In late August 1877, the Sea Serpent of the Sound was seen off the shores of Pelham near City Island. As with most such unusual events, there may well have been a plainly plausible explanation for the sighting. Today's Blog posting will detail that explanation.
Readers of the daily Historic Pelham Blog will recall that yesterday, I related an account published in the September 2, 1877 issue of The New York Times saying that a steamship from Bridgeport passed near the Execution Lighthouse northeast of City Island and supposedly struck the beast while it lay asleep on the water. According to the account, the collision "caused the boat to tremble from stem to stern" and a "black object rose angrily to the height of the flagstaff with a hissing sound, and water was dashed upon the deck." The Sound Sea-Serpent, N.Y. Times, Sep. 2, 1877, p. 7.

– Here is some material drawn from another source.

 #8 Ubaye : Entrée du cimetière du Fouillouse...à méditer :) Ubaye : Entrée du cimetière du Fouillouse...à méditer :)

What could possibly serve as a plausible explanation for a "black object" rising "angrily" from the water to the height of a flagstaff on the ship while making a hissing sound? Less than two weeks after the account appeared in the newspaper, a wise old Captain from Darien, Connecticut named E. E. Tooker offered just such an explanation. The Times published it on September 14, 1877. It read:
"THE SEA-SERPENT IN THE SOUND.
The Norwalk (Conn.) Hour says: 'On the night of the 21st of July, the schooner Mary of Dennysville, Me., Capt. Holloway, was run into and sunk by the steamer Elanore, of Providence, off Lloyd's Neck, Long Island Sound. The only person saved from the wreck was a lad named Preston. Capt. E. E. Tooker, of Darien, for several weeks has been actively engaged in stripping the hull by the aid of divers. The divers found the body of a man who proved to be Charles A. Loughton, of West Pembroke, Washington County, Me. The bodies of the Captain, mate, and sailors have not yet been recovered; they are doubtless in the cabin of the vessel. And now, as regards this sea-serpent business: During the past week or two we have been amused by reading accounts of a monster serpent being struck by a steamer off the Norwalk Islands; how the vessel trembled at the shock, and how the huge form was seen rising several feet above the water. The mystery is explained this way: When Capt. Tooker found the sunken vessel, all the spars were standing, the top of the mainmast being only about two feet under water at low tide. One morning when the diver descended to resume his work, he found that the mast had been struck by some passing vessel. A sheet of copper was picked up on the deck that had been torn from the bottom of some steamer or sailing vessel. As the wreck is exactly in the line of the Sound steamers, it was, without doubt, the cause of the recent scare."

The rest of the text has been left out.